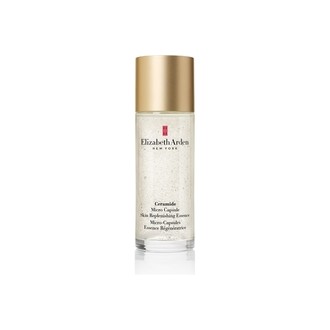 Elizabeth Arden Ceramide Micro Capsule Skin Replenishing Essence 90 ml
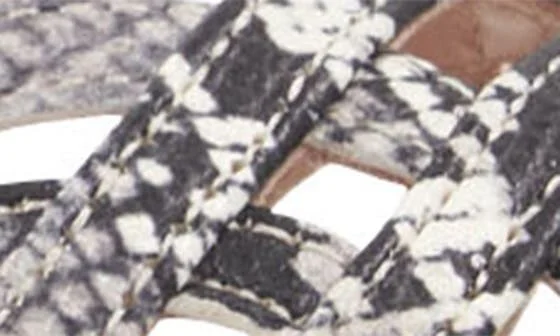 Marta Ankle Strap Sandal - Image 7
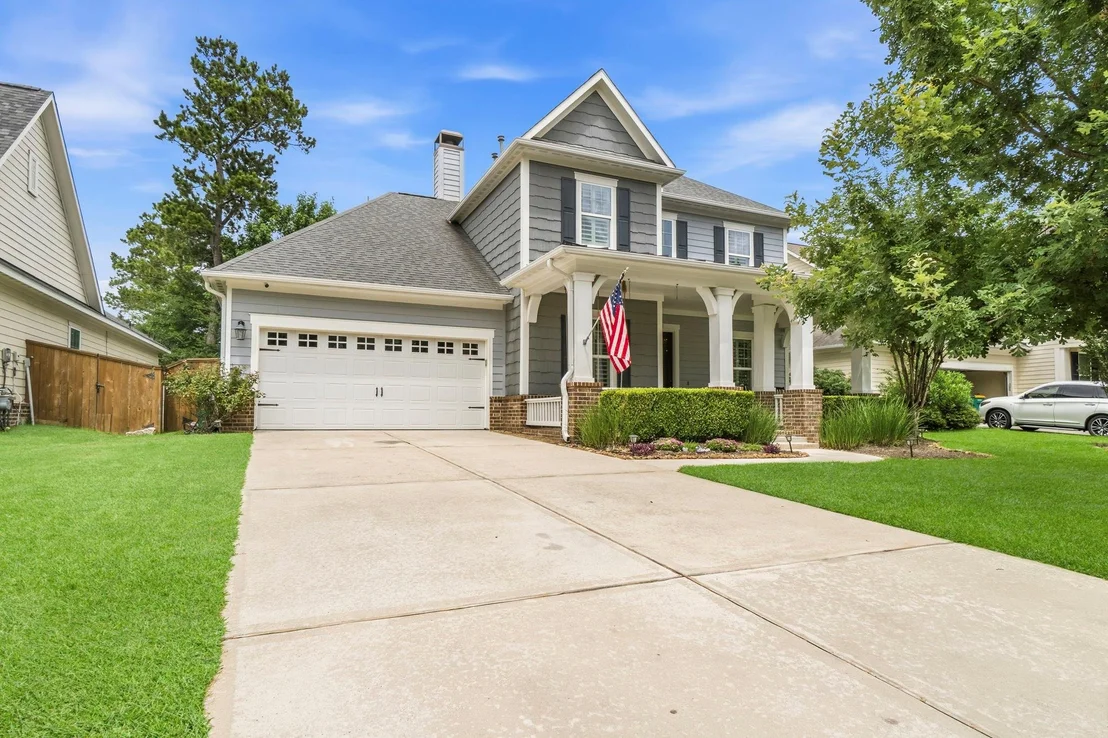Photo of 146 Cherry Oak Lane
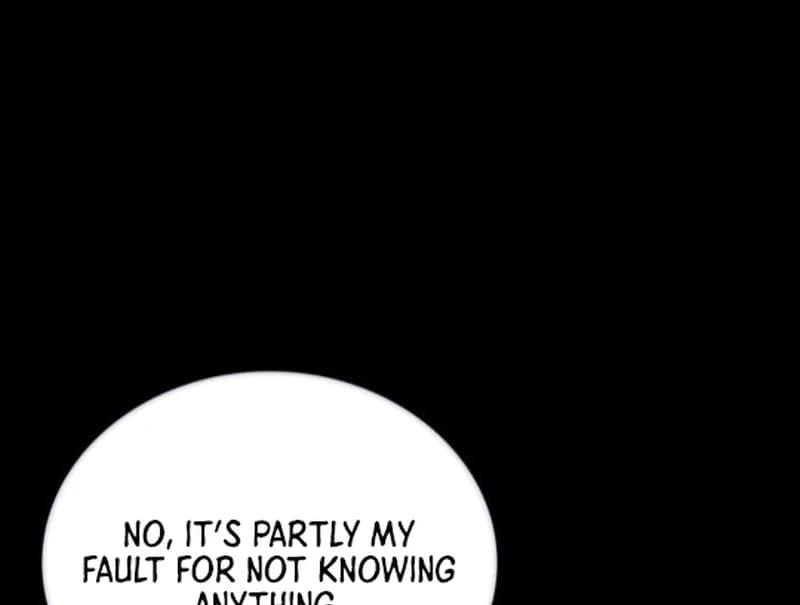 Page https://readmanhwaverse.com/images/in-the-name-of-special-contract-marriage/chapter-1/ch_1_66.webp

## Problem details
With pictures excluded, restate word for word the lines from the one that contains "Marta Ankle Strap Sandal - Image 7" through the end of the material, inclusive, and nothing more.

## Solution
 Marta Ankle Strap Sandal - Image 7
Photo of 146 Cherry Oak Lane
 Page https://readmanhwaverse.com/images/in-the-name-of-special-contract-marriage/chapter-1/ch_1_66.webp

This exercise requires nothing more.